Laut dem Bundesministerium für Wirtschaft und Klimaschutz (BMWK) sind für die Wahl des Standortes eines Unternehmens sowohl "harte" als auch "weiche" Faktoren zu beachten:
Harte Standortfaktoren
- Kunden: Nähe und Kaufkraft
- Zulieferer: Nähe und Qualität
- Konkurrenten: Nähe und Leistungsspektrum
- Gewerbeflächen: Verfügbarkeit und Kosten
- Gewerbesteuer: Höhe
- Miete bzw.
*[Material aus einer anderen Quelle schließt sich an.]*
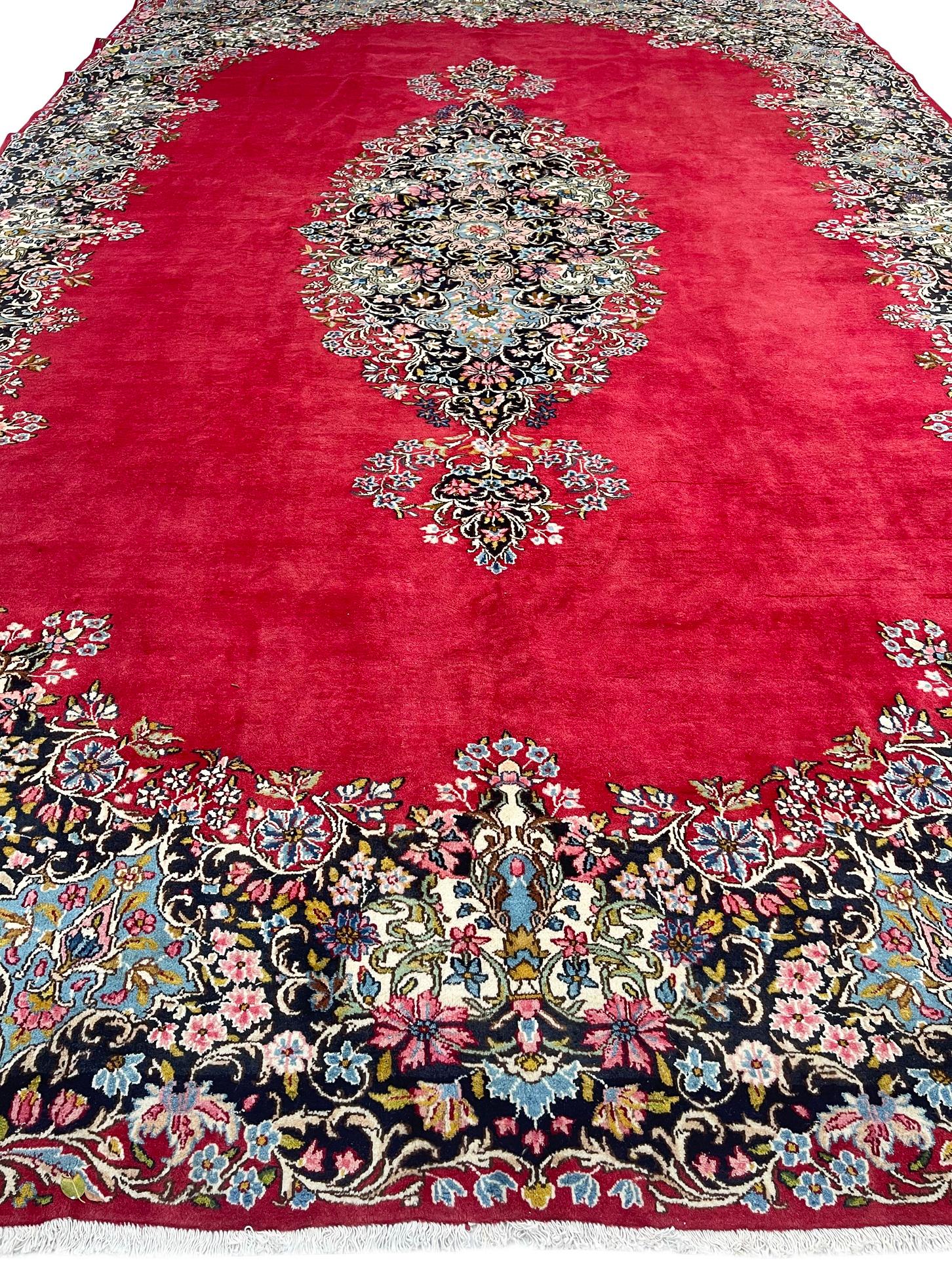 Persian Hand Knotted Medallion Floral Red Kirman Rug, Circa 1970 For Sale 3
Pacht: Höhe
- Arbeitskräfte: Verfügbarkeit und Qualität
- Forschung und Entwicklung: wissenschaftliches Umfeld
Weiche Standortfaktoren
- Kommunale Verwaltung: Bearbeitungszeiten und Service
- Beratungsangebote: Verfügbarkeit
- Image: Attraktivität für Mitarbeiter
- Lebensqualität: Attraktivität für Mitarbeiter
Oberhalb von dieser Auflistung findet man auf der gleichen Internetseite eine Checkliste, mit deren Hilfe man die Eignung des Betriebsortes selbst prüfen kann.
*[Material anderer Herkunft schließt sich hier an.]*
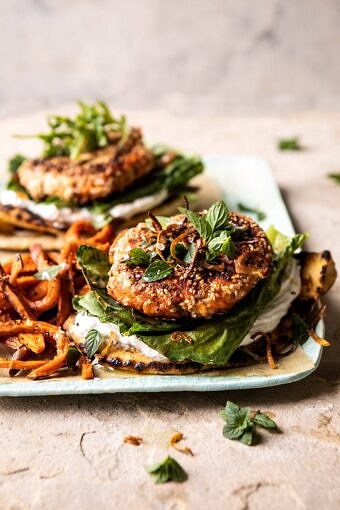 Sesame Crusted Curried Salmon Burgers with Lemony Herbs | halfbakedharvest.com #salmon #healthy #burger #summer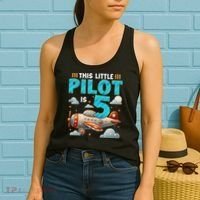 Little Pilot 5 Years Old Airplane 5th Birthday Aircraft Women's Tank Top thumb 2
Die genannten Kriterien sind darauf ausgelegt, die Eignung des Standorts in ökonomischer Hinsicht zu prüfen. Womit aber nicht zwingend einher geht, dass ein solcher Standort auch im Sinne der Nachhaltigkeit geeignet ist. Ganz im Gegenteil – das Erfüllen mancher Kriterien kann zu Widersprüchen führen: Was positive Folgen im Sinne der Nachhaltigkeit hat, kann sich negativ auf den Faktor Ökonomie auswirken und umgekehrt.
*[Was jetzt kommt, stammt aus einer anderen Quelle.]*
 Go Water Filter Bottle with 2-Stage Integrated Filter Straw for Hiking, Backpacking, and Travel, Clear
2.5.1 Billiglohn- und Billigproduktionsländer
Aus rein ökonomischer Sicht mag die Verlegung der Produktion in Länder mit deutlich niedrigeren Löhnen und/oder niedrigeren Produktionskosten absolut sinnvoll sein. Im Sinne der Nachhaltigkeit ist aber eine Balance zwischen den 3 Säulen Ökonomie, Ökologie und Soziales notwendig. Durch Verlegung der Produktion in Billiglohnländer wird der Aspekt Soziales meist in zweierlei Hinsicht beschädigt:
- Zum einen werden Mitarbeiter im eigenen Land entlassen,
- zum anderen werden möglicherweise Bedingungen in anderen Ländern ausgenutzt, die im eigenen Land nicht akzeptiert würden (aus gesetzlichen oder sozialen Gründen).
Solche Entscheidungen müssen im Einzelfall abgewogen werden. Argumente, wie sie z. B. die Firma Nokia Anfang 2012 anführte, um die Entlassung von 4.000 Mitarbeitern aus den Produktionsstätten in Finnland, Ungarn und Mexiko zugunsten der Verlagerung der Smartphone-Produktion nach Asien zu rechtfertigen, sind aus ökonomischer Sicht vordergründig nachvollziehbar. Im Hinblick auf Nachhaltigkeit ist dieses Handeln aber fragwürdig: Nokia rechtfertigte seine Entscheidung damit, dass ein Großteil der Zulieferer seinen Sitz in Asien habe und somit die Produktion viel schneller zu bewerkstelligen sei. Und das vor dem Hintergrund, dass Nokia erst 2008 mit dem Argument, die deutschen Bedingungen seien international nicht konkurrenzfähig, das Werk in Bochum geschlossen und rund 2.000 Mitarbeiter entlassen hatte, um die Produktion nach Rumänien, Ungarn und Finnland zu verlagern.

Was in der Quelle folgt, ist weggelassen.